4) PAKISTAN. The Lede blog posted live video footage of the bomb blasts at the US Consulate in Peshawar (h/t jdw) and then noted:

Readers who watch the footage from Pakistani television above may notice one sign of how routine bombings have become in the country. At one stage, as images of the latest attack were broadcast, the crawl at the bottom of the screen gave updates on a celebrity drama, the planned marriage of a Pakistani cricket star, Shoaib Malik, to an Indian tennis player, Sania Mirza.

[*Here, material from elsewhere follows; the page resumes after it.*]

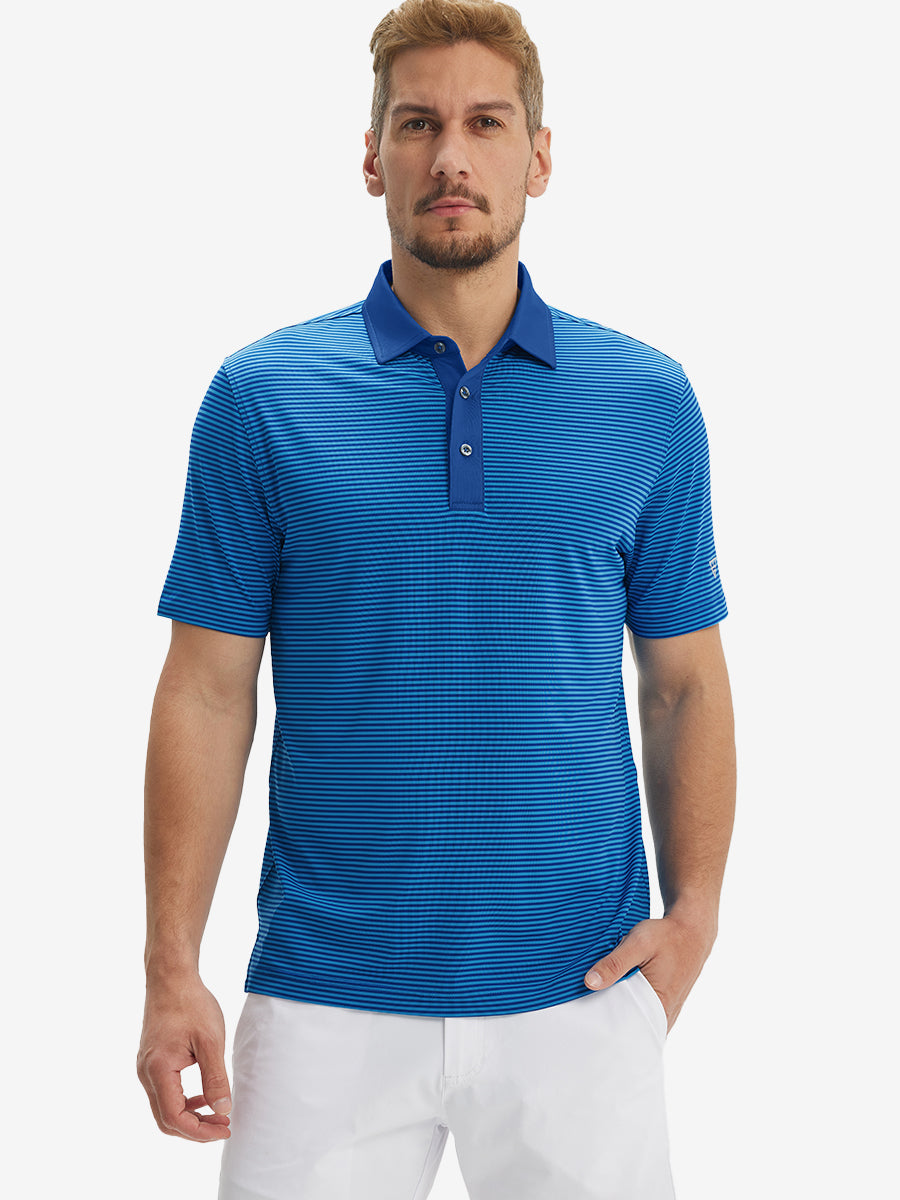 Upgraded Two-tone Striped Quick Dry Polo Shirt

When a commenter called out the blog’s writer, Robert Mackey on his spurious concluson based on news tickers which are equally random everywhere else, he responded saying, “I explained in the post what the point of the the trivial news in the crawl seemed to be to me. I made no statement that this sort of trivia was unique to Pakistan and not found in most if not all other countries.” Even to Mackey his response must sound lame; it’s certainly not an answer.